Aichi-Nagoya as a new test
The next challenge will be to transform qualification into a competitive ambition. The ticket to the Asian Games opens the door, but does not guarantee anything. Preparation should avoid two traps. The first would be to consider the Olympic experience sufficient. It gives a mental advance, but the opponents will also have made progress. The second would be to overload the athlete before the Japanese appointment. A season too dense can use the body, especially in a category where weight control is permanent.
The federation will therefore have to choose the relevant competitions, not just the available ones. Preparation tournaments will have to offer a high level, but also allow adjustments. Medical work will be crucial. The taekwondo imposes repeated impacts, rapid rotations and strong strain on the hips, knees and ankles.

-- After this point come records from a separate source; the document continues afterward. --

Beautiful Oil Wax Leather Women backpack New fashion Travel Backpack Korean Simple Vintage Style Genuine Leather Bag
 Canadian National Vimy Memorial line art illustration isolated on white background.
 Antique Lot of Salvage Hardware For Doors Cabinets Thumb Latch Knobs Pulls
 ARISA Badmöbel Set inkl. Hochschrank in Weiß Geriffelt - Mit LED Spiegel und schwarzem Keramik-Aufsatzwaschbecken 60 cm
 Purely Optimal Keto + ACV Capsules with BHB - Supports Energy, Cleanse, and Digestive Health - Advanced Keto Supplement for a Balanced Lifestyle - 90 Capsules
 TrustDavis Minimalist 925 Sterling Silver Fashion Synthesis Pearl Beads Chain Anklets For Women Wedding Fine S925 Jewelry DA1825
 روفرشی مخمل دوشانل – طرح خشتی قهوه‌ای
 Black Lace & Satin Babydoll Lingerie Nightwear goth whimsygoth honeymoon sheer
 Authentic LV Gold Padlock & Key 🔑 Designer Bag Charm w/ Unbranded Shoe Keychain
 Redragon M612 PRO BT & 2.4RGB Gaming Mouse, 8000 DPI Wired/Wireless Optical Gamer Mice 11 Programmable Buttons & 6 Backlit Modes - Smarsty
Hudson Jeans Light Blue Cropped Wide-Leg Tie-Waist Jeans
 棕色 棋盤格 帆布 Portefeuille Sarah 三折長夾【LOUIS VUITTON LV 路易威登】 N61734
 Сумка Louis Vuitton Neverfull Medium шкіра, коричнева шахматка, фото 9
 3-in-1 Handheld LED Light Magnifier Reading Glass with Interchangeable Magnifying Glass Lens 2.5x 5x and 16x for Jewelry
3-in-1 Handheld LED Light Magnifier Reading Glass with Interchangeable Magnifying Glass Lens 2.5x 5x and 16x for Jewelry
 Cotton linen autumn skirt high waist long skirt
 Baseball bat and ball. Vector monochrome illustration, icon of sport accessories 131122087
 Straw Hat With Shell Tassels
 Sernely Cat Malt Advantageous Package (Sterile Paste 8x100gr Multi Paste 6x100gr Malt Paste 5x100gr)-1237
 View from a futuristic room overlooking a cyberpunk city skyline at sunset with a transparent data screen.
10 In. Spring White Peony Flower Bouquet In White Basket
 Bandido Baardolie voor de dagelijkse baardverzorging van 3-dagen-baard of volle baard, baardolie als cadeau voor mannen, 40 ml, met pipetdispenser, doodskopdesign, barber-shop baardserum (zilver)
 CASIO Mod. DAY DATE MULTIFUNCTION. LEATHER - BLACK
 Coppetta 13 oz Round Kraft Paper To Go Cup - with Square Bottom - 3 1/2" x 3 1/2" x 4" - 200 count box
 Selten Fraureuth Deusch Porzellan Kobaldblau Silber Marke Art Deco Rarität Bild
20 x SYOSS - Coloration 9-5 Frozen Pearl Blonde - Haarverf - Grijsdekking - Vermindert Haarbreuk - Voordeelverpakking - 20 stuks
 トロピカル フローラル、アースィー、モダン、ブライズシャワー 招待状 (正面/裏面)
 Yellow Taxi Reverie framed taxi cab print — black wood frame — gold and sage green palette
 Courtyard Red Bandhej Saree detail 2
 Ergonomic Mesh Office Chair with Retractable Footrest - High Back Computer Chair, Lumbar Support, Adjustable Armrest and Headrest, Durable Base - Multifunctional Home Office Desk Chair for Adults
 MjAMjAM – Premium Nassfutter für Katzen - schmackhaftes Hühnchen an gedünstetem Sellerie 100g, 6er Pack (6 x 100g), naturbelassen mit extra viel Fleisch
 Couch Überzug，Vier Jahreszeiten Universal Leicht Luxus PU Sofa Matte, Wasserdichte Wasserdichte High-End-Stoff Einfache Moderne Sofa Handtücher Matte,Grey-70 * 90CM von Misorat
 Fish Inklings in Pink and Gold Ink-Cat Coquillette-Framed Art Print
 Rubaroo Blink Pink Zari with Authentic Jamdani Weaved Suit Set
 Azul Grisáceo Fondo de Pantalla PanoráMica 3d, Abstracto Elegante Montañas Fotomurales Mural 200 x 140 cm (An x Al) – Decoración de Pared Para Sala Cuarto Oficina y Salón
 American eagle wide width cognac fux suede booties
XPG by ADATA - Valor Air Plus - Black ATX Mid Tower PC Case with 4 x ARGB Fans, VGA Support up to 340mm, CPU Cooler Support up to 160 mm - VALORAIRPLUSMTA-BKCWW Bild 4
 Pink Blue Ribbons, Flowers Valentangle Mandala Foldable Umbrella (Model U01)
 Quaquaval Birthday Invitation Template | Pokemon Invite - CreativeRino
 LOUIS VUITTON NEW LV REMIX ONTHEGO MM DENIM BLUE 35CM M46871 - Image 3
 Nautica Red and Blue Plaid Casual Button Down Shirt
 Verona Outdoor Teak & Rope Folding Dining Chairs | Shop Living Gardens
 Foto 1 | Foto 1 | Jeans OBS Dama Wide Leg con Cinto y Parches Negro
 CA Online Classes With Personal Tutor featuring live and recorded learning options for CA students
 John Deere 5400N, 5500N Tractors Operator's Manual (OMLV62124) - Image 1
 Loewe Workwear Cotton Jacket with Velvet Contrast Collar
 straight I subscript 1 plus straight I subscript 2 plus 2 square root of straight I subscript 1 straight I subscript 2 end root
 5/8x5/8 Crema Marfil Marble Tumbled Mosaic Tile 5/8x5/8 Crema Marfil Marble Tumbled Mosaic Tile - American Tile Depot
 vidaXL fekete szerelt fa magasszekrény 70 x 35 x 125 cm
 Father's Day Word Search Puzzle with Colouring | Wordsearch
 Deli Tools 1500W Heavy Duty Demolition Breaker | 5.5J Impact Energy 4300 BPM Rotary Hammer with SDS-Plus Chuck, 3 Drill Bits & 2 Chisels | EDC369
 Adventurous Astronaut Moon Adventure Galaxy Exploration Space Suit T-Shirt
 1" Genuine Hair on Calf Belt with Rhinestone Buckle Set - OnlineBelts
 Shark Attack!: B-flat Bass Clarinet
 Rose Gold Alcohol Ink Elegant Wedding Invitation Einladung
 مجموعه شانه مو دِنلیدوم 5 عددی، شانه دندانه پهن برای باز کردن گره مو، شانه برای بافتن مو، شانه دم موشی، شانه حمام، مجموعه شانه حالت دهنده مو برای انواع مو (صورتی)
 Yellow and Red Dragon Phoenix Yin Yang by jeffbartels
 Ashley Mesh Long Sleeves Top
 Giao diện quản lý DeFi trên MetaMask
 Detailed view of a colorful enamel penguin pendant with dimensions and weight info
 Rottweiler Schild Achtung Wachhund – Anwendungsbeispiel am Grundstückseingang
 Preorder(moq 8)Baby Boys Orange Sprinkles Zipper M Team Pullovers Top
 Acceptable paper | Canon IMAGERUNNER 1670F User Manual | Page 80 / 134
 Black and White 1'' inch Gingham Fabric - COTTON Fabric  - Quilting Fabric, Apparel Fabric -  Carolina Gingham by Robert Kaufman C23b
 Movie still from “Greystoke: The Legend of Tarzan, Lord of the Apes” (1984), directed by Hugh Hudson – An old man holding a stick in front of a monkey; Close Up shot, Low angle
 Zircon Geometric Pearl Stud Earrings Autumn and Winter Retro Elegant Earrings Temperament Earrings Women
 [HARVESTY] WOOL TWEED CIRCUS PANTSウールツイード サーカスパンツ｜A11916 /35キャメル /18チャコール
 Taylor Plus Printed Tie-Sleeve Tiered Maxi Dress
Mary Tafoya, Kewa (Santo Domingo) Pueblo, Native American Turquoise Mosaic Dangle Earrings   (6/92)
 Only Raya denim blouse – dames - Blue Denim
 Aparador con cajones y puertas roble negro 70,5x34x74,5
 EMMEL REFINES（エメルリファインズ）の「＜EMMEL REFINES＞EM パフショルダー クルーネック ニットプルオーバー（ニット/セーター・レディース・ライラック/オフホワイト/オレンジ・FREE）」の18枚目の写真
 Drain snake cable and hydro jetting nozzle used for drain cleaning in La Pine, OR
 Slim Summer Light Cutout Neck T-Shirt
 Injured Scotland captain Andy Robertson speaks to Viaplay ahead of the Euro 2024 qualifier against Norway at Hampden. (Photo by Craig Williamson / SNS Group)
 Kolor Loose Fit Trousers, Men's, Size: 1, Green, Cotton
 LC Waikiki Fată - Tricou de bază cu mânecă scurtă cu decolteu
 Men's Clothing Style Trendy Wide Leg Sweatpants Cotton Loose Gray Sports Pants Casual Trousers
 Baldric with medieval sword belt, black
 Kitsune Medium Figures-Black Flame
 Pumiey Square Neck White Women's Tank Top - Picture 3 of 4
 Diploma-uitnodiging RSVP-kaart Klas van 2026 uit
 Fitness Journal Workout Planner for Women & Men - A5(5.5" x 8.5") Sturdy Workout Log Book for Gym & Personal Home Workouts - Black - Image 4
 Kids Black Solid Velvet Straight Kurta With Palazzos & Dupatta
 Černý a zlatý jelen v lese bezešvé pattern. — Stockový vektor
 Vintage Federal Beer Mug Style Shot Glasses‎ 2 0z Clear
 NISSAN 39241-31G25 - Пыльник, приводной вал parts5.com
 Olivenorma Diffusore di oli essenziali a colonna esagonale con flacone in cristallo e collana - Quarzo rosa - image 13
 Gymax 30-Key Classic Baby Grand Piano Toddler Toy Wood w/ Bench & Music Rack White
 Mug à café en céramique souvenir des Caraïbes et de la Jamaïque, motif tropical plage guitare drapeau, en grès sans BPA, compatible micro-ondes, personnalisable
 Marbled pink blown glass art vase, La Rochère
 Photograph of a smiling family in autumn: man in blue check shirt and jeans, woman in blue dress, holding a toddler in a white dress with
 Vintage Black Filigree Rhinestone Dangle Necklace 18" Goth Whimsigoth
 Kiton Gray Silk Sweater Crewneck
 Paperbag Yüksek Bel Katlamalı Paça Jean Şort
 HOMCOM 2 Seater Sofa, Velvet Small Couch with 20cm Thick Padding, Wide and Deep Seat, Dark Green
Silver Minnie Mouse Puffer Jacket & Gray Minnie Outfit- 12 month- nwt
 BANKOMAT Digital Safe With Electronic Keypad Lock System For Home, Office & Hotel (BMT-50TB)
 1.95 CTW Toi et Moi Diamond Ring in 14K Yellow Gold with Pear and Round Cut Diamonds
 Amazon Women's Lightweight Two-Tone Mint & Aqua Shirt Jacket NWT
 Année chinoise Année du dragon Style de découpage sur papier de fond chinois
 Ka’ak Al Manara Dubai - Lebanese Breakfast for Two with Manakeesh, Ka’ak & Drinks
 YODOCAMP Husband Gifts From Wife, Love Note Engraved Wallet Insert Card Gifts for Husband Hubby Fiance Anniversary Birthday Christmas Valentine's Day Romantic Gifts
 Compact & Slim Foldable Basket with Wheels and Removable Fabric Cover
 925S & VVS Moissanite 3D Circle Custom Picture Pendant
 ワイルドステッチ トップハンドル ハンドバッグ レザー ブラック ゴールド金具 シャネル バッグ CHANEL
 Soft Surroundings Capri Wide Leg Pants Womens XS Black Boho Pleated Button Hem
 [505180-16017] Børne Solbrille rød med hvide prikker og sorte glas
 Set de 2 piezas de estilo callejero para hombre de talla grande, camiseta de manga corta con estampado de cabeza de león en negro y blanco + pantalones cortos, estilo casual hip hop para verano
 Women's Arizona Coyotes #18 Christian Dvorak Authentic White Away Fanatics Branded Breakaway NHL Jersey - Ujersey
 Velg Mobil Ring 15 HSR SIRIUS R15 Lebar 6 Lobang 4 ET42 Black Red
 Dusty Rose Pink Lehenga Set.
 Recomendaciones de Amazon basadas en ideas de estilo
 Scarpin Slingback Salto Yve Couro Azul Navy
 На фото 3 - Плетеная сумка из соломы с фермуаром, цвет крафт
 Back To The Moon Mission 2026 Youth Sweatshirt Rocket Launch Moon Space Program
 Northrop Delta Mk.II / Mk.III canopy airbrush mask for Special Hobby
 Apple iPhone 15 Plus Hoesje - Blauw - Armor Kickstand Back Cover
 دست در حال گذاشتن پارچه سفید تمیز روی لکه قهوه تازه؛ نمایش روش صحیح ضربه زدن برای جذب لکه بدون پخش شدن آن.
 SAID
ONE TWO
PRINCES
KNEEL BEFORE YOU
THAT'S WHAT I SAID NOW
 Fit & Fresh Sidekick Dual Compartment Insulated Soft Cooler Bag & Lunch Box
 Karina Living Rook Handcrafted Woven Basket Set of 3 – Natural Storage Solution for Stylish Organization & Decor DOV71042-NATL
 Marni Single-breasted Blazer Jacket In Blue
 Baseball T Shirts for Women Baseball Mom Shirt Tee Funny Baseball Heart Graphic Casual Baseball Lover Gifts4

Injury prevention will count as much as technical progress. An athlete aiming for a continental podium must arrive with freshness, a clear reading of the table and a combat strategy ready for several profiles.
For Lebanon, the challenge will also be institutional. An athlete like Laetitia Aoun needs a stable environment during the months leading up to the Games. The Federation has announced its intention to set up a preparation. The next few weeks will tell how this plan will be funded, where the internships will take place, which competitions will be selected and which partners will accompany the champion. After Ulaanbaatar, the Lebanese flag has already found a place in the Asian calendar. The road that will lead Aoun to the Japanese carpet now remains to be built.